Note that these steps have different names, but the same engine:

      <engine name='carafe_tag_engine'>
        <default_model>default_model</default_model>
        <model_config class='MAT.JavaCarafe.CarafeModelBuilder'>
          <build_settings training_method='psa' max_iterations='6'/>
        </model_config>
        <model_config config_name='alt_model_build'
                      class='MAT.JavaCarafe.CarafeModelBuilder'/>
        <step_config class='MAT.JavaCarafe.CarafeTagStep'/>
      </engine>

Remember, the default model gets a step and language suffix, so if you build default models for each of the steps here, you'll end up with two model files, "default_model.entity_tag_en" and "default_model.nationality_tag_en" (assuming English is the sole language declared).

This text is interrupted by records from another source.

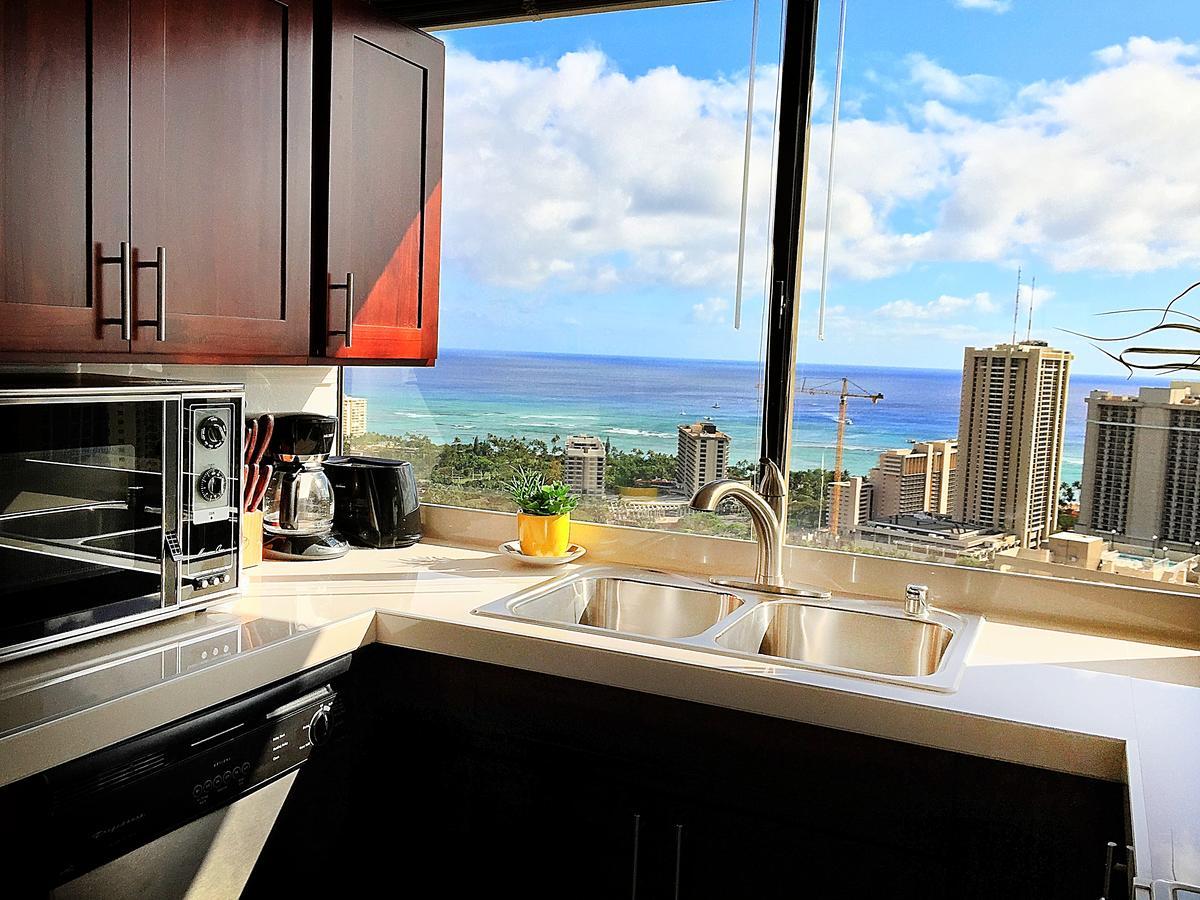 Ferienwohnung Hawaiian Monarch Penthouse 401 By Hawaii Ocean Club Honolulu Exterior foto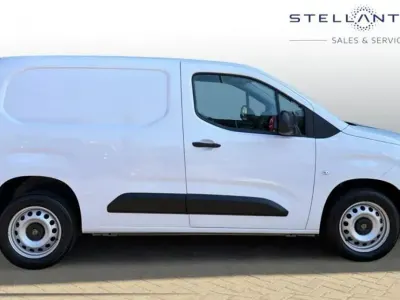 Begagnad Peugeot Partner 101 HK (74 kW) 2025 Vit Minibuss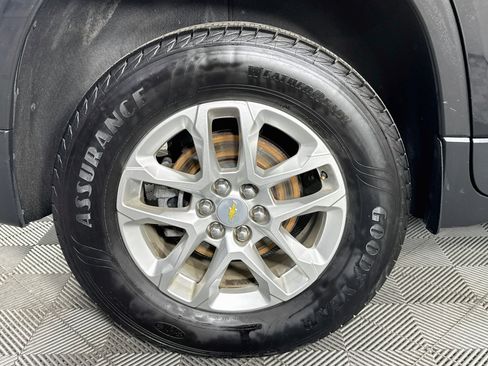 Used 2020 Chevrolet Traverse LS FWD image 31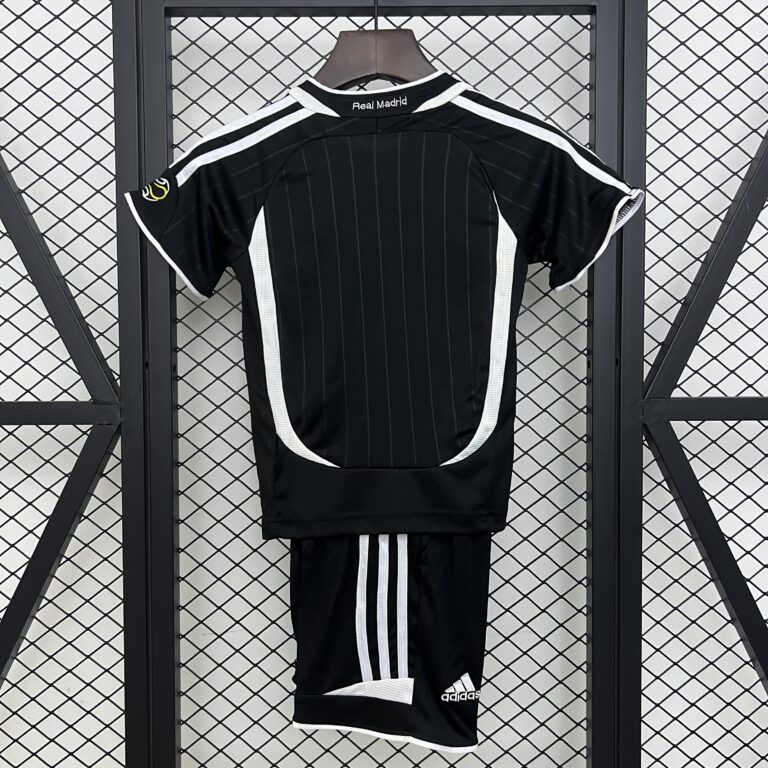 Kids Retro Real Madrid 2006/07 Away black Kit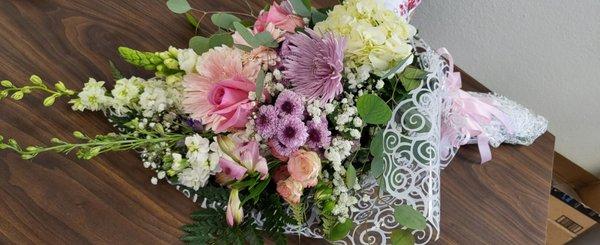 Pastel color arrangement. Beautifully done!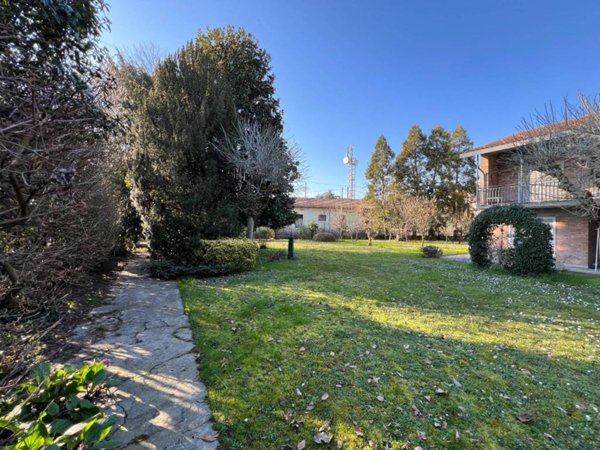 casa indipendente in vendita a Guastalla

Other things you may find in tasks

In this page, we've described some of the most prominent customizations: defining engines, steps and workflows (we've discussed annotations elsewhere). There are many other things you can declare in your tasks:

You must declare your languages in your task.xml file. This covers the language name, language code, whether it's right to left or left to right, and what punctuation characters are used to terminate inferred tokens in certain cases where no tokens are available.
You can provide specialized Javascript and CSS code for the MAT UI. These customizations can be as simple as providing a custom editor for an annotation attribute, or as complex as a whole suite of overrides for the core UI behavior. These customizations are complex, and we will leave them undocumented in this release.
You can specify default settings for building models in the task.xml file. These settings are essentially the flags described in the documentation for MATModelBuilder.
You can declare settings for the operations in your workspaces in the task.xml file. These settings are essentially the flags described in the documentation for MATEngine and MATModelBuilder (depending on which one the operation uses).
You can customize how annotations are compared for scoring and comparison.
You can define custom steps in Python, and refer to them in the task.xml file. For hints on how to do this, see the section "Creating Your Own Steps" in the advanced task customization docs.
You can define new workspace folders, and refer to them and customize their behavior in the task.xml file. These customizations are still evolving, and we will leave them undocumented in this release.
You can customize the documentation that's visible via the MAT UI. These customizations are very complex, and we will leave them undocumented in this release.

For relevant examples of these, please consult "The sample tasks", "Creating a new task", and the documentation for the task XML.